U.S. federal agents allegedly allowed the Sinaloa drug cartel to traffic several tons of cocaine into the United States in exchange for information about rival cartels, according to court documents filed in a U.S. federal court.

The allegations are part of the defense of Vicente Zambada-Niebla, who was extradited to the United States to face drug-trafficking charges in Chicago. He is also a top lieutenant of drug kingpin Joaquin “Chapo” Guzman and the son of Ismael “Mayo” Zambada-Garcia, believed to be the brains behind the Sinaloa cartel…Zambada-Niebla claims he was permitted to smuggle drugs from 2004 until his arrest in 2009…

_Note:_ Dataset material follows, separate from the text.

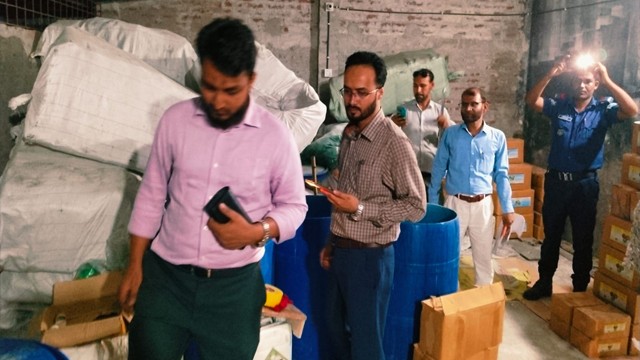 গোমস্তাপুর ও চাঁপাইনবাবগঞ্জ সদরে সার ও কীটনাশক বিরোধী অভিযান: কারাদণ্ড, অর্থদণ্ডসহ মালামাল জব্দ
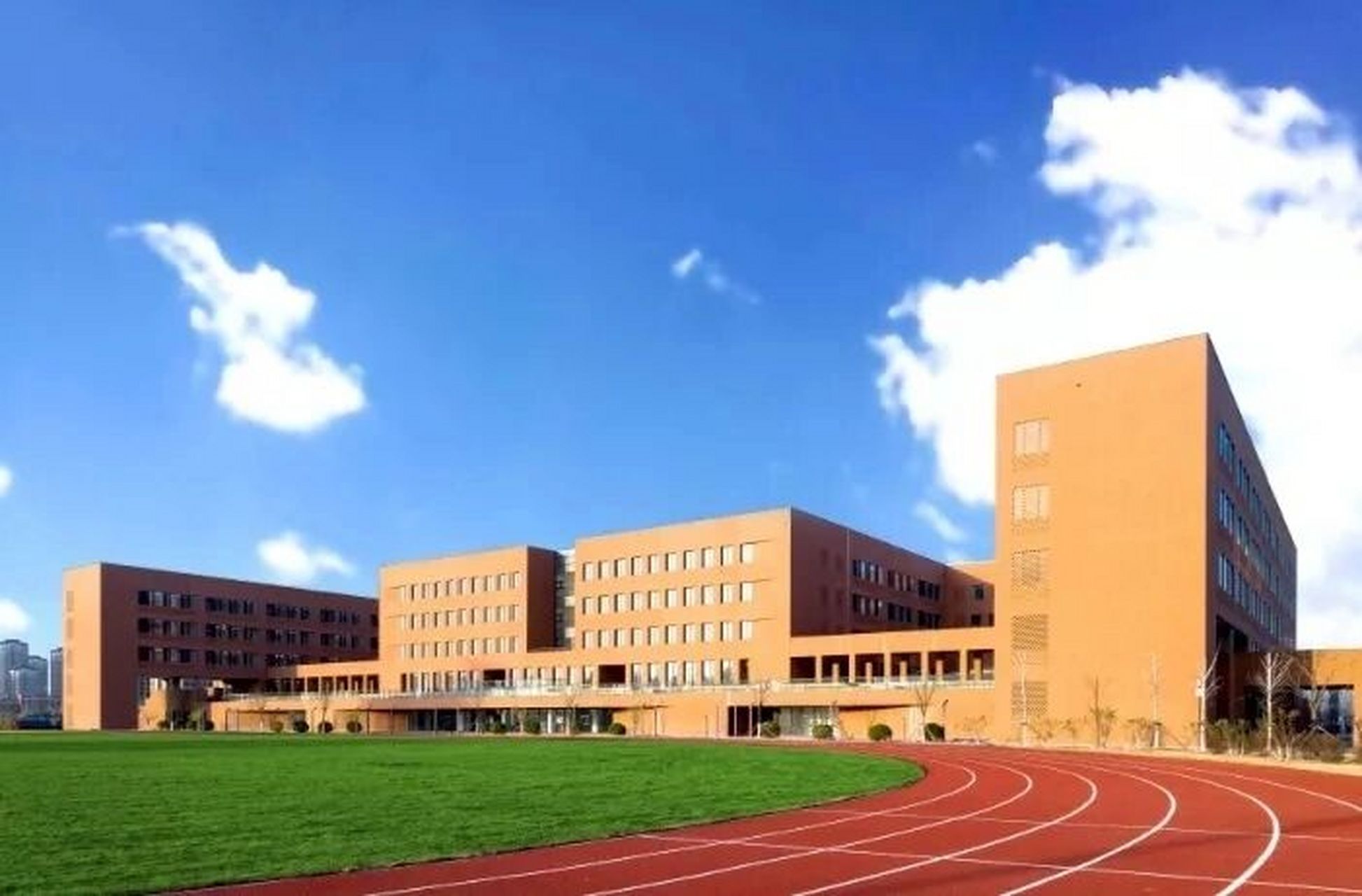 天津第二新华中学生活篇 【作息时间】住宿生早晨6:30起床 (当然你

According to the court documents, Mexican lawyer Humberto Loya-Castro, another high-level Sinaloa cartel leader, had his 1995 U.S. drug-trafficking case dismissed in 2008 after serving as an informant for 10 years for the U.S. government…

Loya himself continued his drug trafficking activities with the knowledge of the United States government without being arrested or prosecuted,” the court documents state.

Just get the same sleazy lawyers that helped Ollie North get beyond his “Drugs for Guns” conviction. The courts will roll over. The DEA, the FBI and the rest will continue corrupt policies untouched.